_PROBLEM TO WORK ON_
Return the count of lines in the records that include the string "camper", and nothing besides it.

--- DATASET ---

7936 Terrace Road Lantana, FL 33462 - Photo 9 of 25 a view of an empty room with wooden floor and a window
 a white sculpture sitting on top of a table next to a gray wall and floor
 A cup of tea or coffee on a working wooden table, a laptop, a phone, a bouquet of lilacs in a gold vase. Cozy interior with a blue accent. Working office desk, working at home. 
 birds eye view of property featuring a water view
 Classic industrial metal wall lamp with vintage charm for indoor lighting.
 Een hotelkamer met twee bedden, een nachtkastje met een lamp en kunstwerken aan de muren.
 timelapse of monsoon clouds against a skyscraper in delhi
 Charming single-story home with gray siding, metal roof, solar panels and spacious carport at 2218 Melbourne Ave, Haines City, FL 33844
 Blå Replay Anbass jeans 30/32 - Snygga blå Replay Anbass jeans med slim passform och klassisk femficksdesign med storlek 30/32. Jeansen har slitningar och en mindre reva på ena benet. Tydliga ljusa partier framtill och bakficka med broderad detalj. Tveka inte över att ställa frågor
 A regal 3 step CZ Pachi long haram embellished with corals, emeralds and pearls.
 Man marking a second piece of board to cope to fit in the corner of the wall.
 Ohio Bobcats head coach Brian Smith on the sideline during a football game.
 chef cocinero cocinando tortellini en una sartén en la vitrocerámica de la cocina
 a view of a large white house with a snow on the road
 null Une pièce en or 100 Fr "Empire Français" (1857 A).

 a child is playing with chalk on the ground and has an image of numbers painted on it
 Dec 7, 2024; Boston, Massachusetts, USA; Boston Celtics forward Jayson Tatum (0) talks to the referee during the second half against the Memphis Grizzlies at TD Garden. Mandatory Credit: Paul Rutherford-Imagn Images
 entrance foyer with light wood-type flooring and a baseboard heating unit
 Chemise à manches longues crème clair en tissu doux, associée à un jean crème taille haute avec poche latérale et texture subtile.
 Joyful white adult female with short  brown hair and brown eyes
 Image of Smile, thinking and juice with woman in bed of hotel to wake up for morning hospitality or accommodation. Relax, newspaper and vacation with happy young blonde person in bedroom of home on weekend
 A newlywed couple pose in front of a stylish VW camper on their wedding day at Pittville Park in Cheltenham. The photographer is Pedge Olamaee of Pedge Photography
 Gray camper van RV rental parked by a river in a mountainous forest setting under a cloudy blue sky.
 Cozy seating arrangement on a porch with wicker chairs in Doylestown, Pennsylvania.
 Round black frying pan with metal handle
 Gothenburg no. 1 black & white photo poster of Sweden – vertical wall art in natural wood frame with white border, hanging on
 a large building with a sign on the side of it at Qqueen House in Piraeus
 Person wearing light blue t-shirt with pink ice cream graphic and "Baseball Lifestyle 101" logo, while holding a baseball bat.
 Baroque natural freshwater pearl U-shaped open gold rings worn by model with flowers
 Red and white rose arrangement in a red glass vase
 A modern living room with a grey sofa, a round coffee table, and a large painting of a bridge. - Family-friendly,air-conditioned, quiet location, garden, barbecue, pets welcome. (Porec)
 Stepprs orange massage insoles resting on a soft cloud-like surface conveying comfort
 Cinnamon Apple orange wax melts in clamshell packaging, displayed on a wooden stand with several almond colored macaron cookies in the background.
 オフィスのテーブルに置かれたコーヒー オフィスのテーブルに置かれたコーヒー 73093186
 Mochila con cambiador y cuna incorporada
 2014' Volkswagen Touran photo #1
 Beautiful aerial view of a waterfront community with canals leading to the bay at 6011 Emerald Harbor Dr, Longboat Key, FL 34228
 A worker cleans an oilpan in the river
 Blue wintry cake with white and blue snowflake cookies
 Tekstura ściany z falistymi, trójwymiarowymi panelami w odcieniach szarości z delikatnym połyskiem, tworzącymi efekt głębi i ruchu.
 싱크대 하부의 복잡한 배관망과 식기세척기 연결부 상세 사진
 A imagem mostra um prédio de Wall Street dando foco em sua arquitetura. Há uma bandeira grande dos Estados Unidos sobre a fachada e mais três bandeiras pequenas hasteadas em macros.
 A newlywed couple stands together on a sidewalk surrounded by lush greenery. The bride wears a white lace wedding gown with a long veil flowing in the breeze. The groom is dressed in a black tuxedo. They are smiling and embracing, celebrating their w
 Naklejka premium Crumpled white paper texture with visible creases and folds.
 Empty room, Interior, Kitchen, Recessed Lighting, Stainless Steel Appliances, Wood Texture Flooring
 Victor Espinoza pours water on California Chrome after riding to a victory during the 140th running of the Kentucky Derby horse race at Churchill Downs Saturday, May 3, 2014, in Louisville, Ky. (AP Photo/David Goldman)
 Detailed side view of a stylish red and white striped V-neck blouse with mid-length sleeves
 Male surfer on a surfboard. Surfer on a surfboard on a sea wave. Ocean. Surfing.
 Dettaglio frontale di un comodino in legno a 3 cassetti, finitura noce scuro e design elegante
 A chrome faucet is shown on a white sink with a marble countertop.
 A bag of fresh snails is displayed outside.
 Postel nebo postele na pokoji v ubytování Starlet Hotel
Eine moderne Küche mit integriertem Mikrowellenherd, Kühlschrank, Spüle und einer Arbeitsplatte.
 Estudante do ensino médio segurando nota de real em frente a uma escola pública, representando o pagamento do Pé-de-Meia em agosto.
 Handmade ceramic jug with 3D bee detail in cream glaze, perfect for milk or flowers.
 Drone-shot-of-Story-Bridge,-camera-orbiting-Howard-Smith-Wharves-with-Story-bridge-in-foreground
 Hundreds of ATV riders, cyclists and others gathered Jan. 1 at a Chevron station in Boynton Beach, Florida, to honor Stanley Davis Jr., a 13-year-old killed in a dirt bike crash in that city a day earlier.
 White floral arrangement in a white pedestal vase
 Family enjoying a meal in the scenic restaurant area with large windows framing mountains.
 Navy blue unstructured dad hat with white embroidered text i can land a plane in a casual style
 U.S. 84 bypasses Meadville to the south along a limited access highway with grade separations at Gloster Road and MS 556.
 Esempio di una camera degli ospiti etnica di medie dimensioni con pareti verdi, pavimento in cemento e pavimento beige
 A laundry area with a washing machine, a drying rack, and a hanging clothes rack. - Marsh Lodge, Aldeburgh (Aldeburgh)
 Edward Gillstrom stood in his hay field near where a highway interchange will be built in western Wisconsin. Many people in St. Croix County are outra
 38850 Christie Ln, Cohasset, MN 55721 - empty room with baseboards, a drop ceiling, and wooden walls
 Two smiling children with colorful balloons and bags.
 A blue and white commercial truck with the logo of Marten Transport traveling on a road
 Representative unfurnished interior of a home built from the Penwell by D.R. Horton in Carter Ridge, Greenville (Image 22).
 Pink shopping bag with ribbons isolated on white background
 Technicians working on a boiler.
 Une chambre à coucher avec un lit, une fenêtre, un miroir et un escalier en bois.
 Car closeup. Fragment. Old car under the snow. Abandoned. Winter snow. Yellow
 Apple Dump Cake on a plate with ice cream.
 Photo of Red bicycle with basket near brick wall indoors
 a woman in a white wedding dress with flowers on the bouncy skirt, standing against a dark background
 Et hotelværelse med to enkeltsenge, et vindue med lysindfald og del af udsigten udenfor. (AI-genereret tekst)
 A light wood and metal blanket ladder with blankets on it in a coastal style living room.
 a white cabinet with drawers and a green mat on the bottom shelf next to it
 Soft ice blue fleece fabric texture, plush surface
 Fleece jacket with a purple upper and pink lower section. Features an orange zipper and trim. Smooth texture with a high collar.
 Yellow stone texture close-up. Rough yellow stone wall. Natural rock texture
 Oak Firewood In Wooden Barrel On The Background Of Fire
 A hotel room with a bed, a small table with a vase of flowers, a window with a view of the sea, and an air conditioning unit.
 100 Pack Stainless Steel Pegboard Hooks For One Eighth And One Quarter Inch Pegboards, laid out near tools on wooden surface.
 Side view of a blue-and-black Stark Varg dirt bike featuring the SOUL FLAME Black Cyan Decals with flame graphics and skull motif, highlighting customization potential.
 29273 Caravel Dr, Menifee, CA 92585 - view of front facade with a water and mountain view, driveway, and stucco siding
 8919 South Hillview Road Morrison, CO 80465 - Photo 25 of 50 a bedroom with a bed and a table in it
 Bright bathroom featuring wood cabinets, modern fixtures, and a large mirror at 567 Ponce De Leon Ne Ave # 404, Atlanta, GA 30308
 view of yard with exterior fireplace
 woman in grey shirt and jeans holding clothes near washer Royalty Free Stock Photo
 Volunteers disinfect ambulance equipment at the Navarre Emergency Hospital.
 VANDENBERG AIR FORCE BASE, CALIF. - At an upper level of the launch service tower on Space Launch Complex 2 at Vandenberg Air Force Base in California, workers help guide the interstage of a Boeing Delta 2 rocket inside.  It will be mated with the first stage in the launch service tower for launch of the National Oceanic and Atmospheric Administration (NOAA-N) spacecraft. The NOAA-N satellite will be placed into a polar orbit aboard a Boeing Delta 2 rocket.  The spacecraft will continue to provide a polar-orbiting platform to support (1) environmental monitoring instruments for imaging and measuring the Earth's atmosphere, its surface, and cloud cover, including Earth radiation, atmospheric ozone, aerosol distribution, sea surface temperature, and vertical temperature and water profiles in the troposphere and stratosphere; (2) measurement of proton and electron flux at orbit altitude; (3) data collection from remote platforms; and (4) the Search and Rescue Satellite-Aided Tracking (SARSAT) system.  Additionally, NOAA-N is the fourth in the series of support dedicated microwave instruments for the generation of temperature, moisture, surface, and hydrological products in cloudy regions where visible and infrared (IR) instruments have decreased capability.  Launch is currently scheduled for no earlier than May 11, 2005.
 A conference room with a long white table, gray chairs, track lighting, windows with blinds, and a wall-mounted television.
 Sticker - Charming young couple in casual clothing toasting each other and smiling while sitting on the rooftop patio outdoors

---

_TASK ANSWER_
2